%%
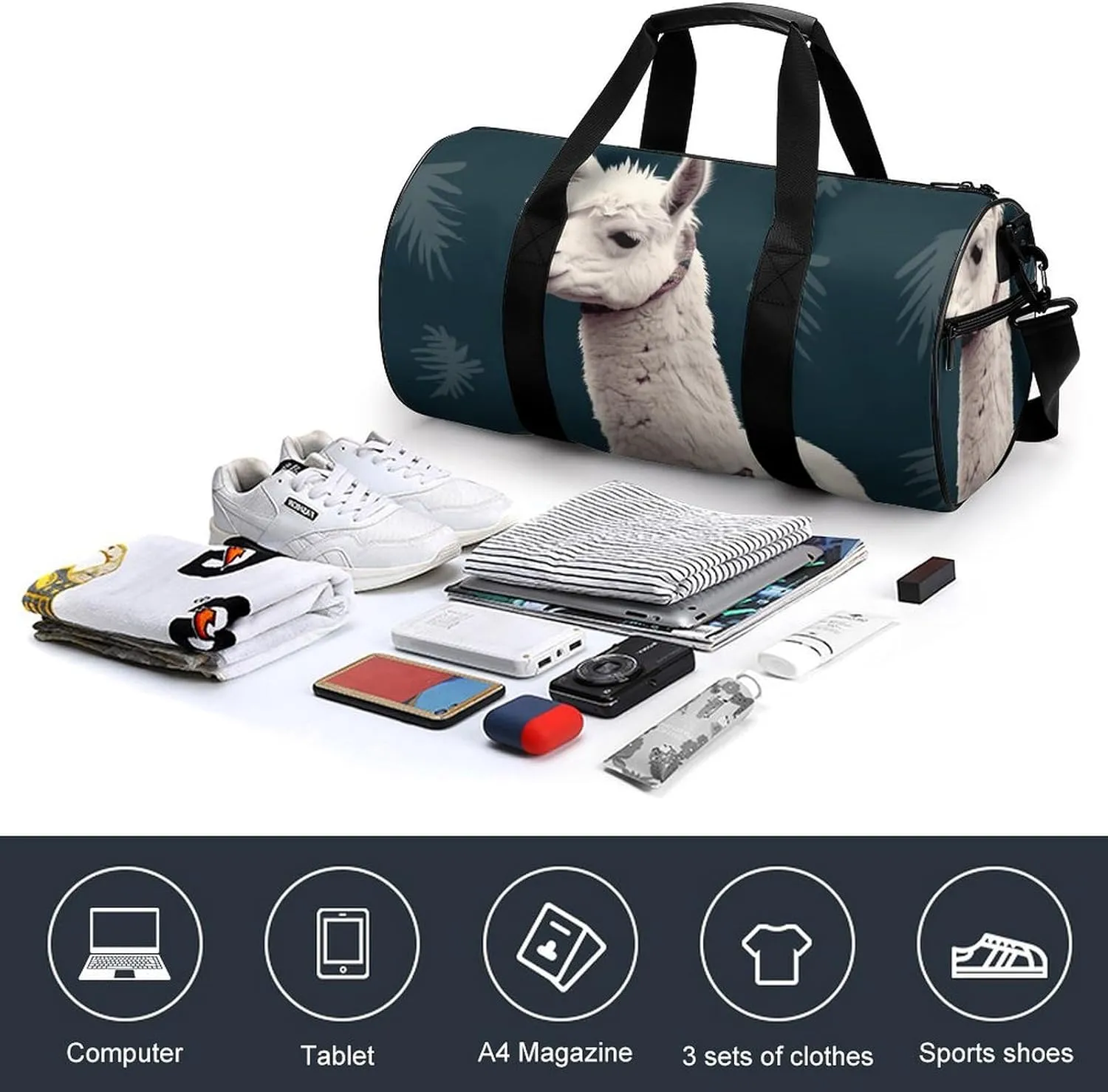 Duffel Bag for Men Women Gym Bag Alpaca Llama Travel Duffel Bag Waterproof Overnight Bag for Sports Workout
%%
%%
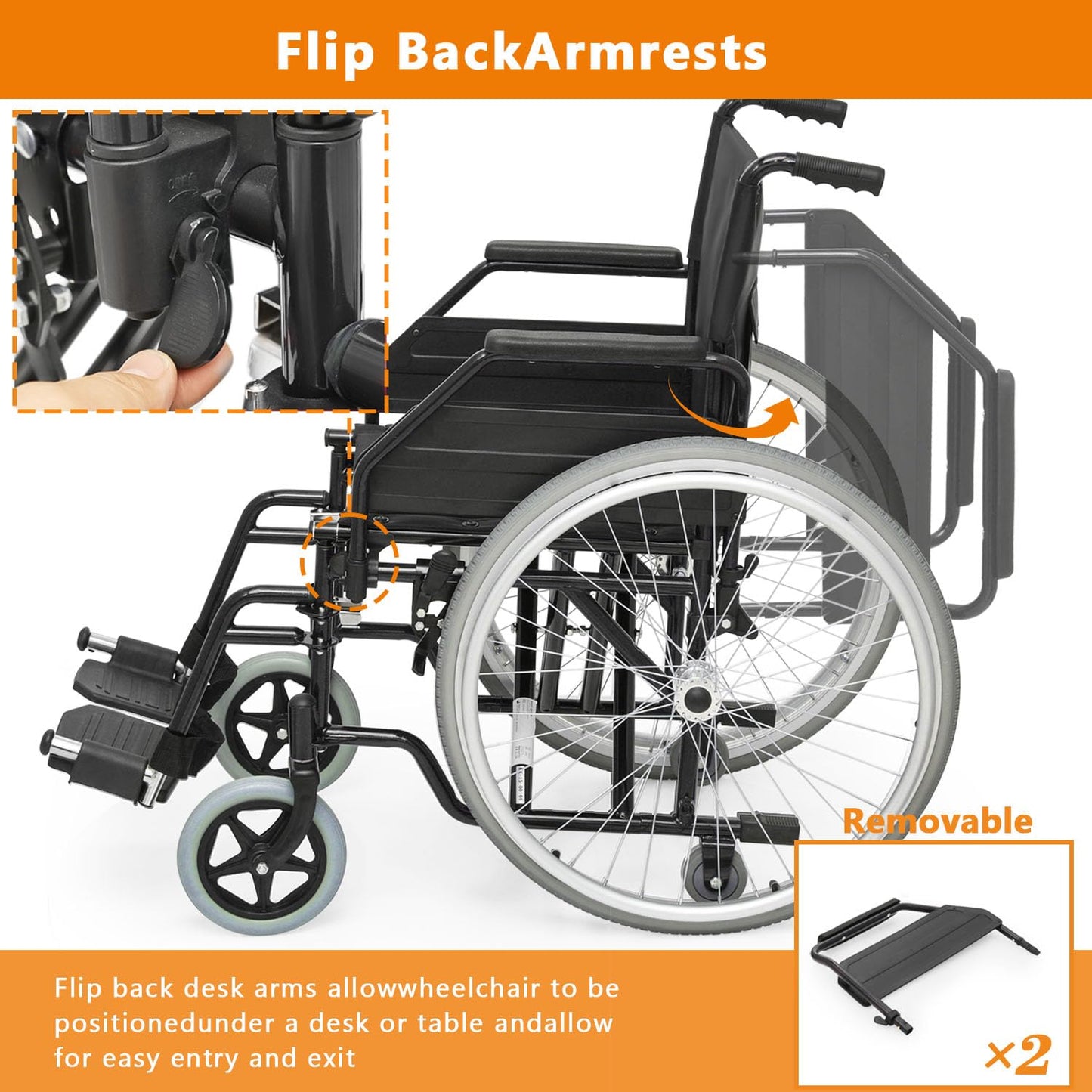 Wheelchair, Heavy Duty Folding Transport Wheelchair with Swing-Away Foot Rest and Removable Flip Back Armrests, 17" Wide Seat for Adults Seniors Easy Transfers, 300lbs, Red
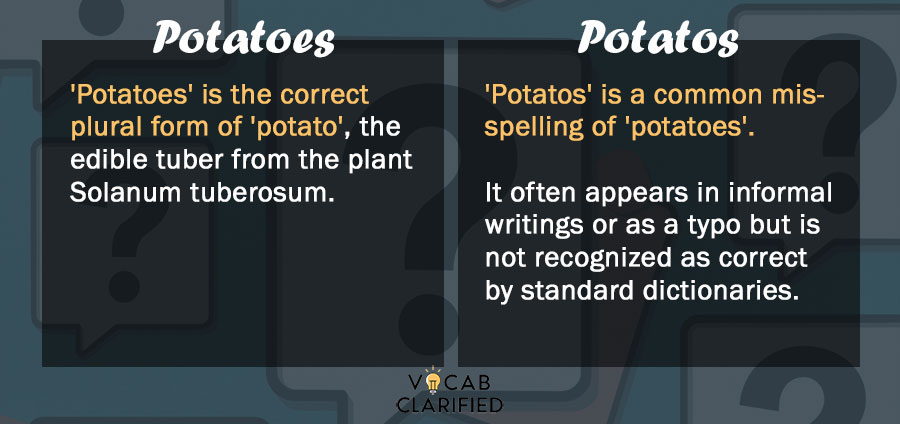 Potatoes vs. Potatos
%%
Of the records above, print only the lines from the one containing "Wheelchair, Heavy Duty" through the one containing "Potatoes vs. Potatos", inclusive and unaltered, leaving out pictures.

 Wheelchair, Heavy Duty Folding Transport Wheelchair with Swing-Away Foot Rest and Removable Flip Back Armrests, 17" Wide Seat for Adults Seniors Easy Transfers, 300lbs, Red
 Potatoes vs. Potatos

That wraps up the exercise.